What is expected ->
Which lines run from the one containing "Pousada Cheiro De" through the end of the data? Write them out exactly, with the pictures left out.

*** Opening of Information provided ***

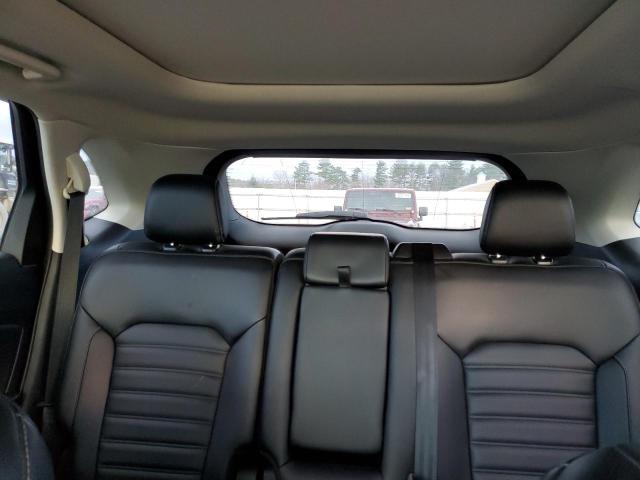 Photo 10 from auction – 2021 FORD EDGE SEL with VIN 2FMPK4J91MBA57532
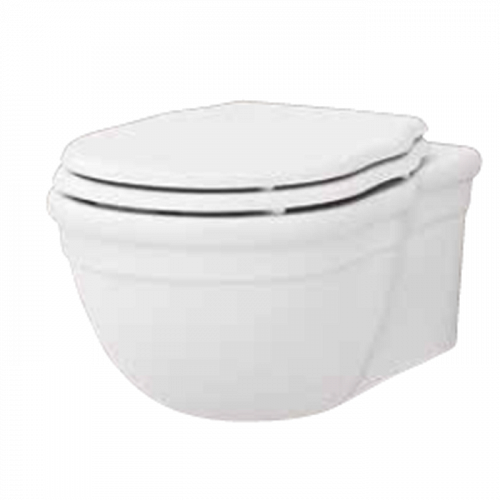 Artceram HERMITAGE Унитаз подвесной 36х55 см, цвет: белый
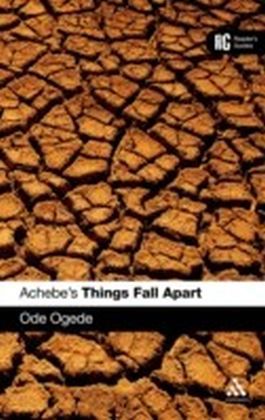 Achebe's Things Fall Apart main product photo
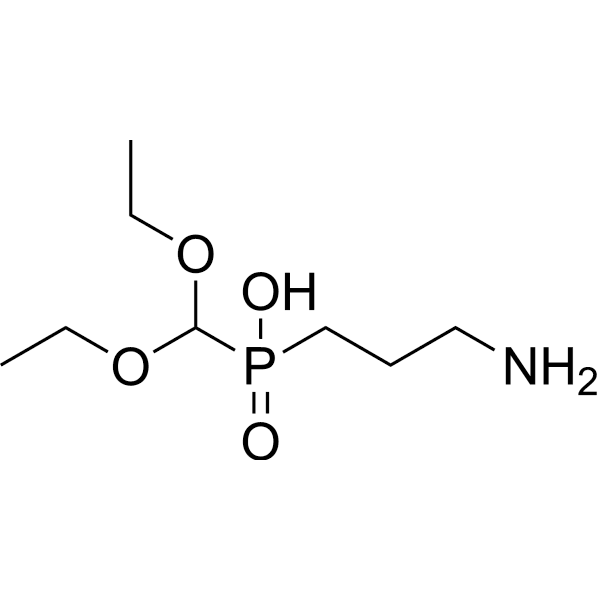 CGP35348  Structure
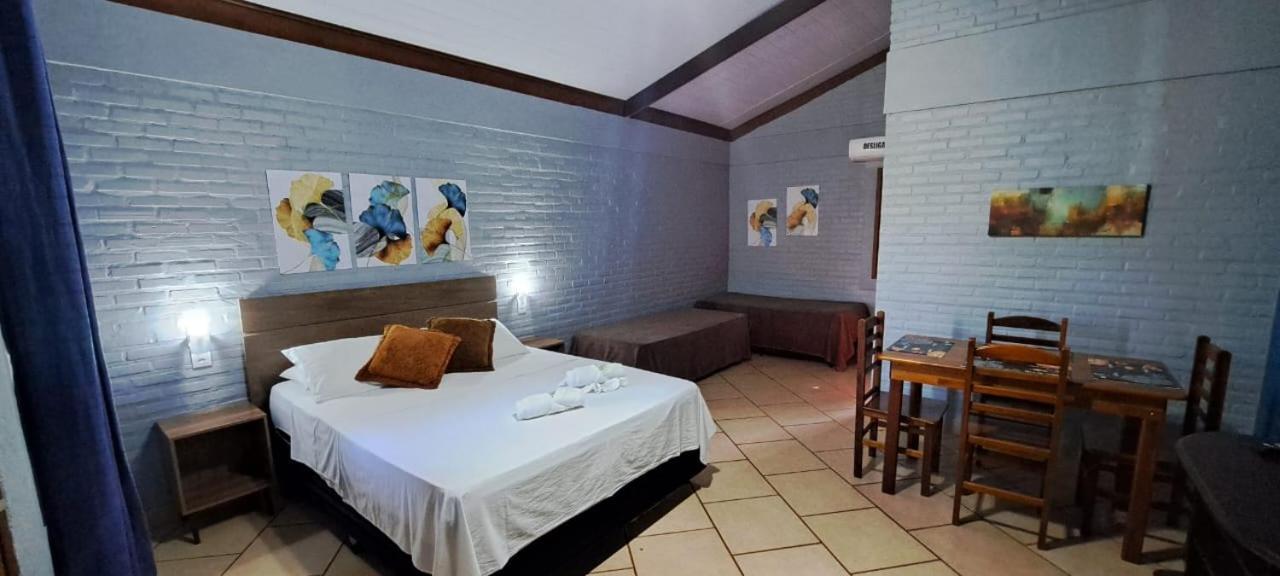 Pousada Cheiro De Mato Penedo  Chambre photo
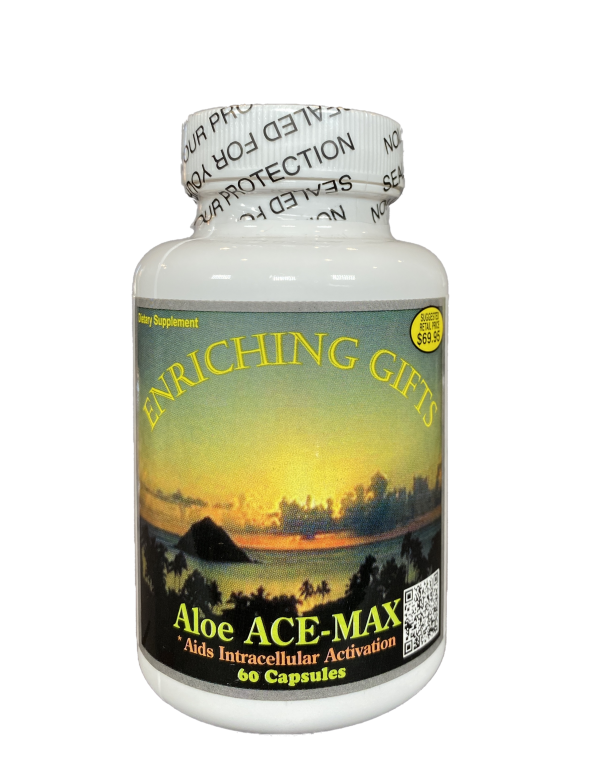 ALOE ACE-MAX - 60 CAPSULES - Image 4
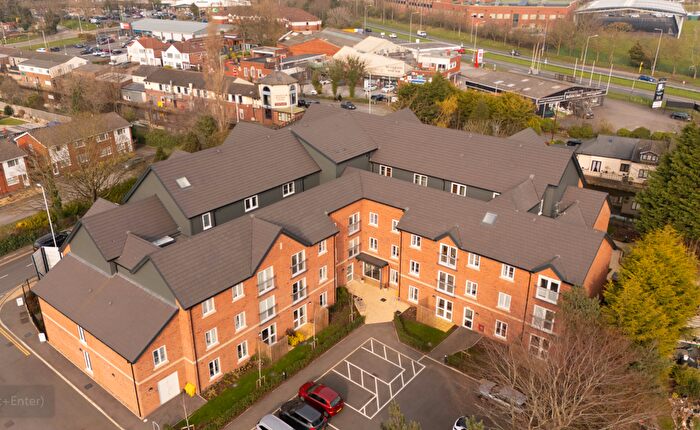 2 Bedroom Flat For Sale In Liverpool Road South, Maghull, L31
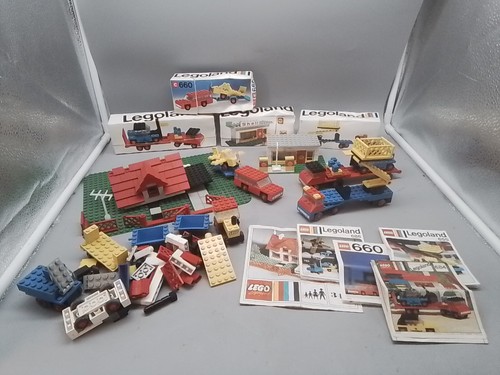 Lego konvolut legoland - lego, konvolut,legoland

*** Close of Information provided ***

The answer ->
 Pousada Cheiro De Mato Penedo  Chambre photo
 ALOE ACE-MAX - 60 CAPSULES - Image 4
 2 Bedroom Flat For Sale In Liverpool Road South, Maghull, L31
 Lego konvolut legoland - lego, konvolut,legoland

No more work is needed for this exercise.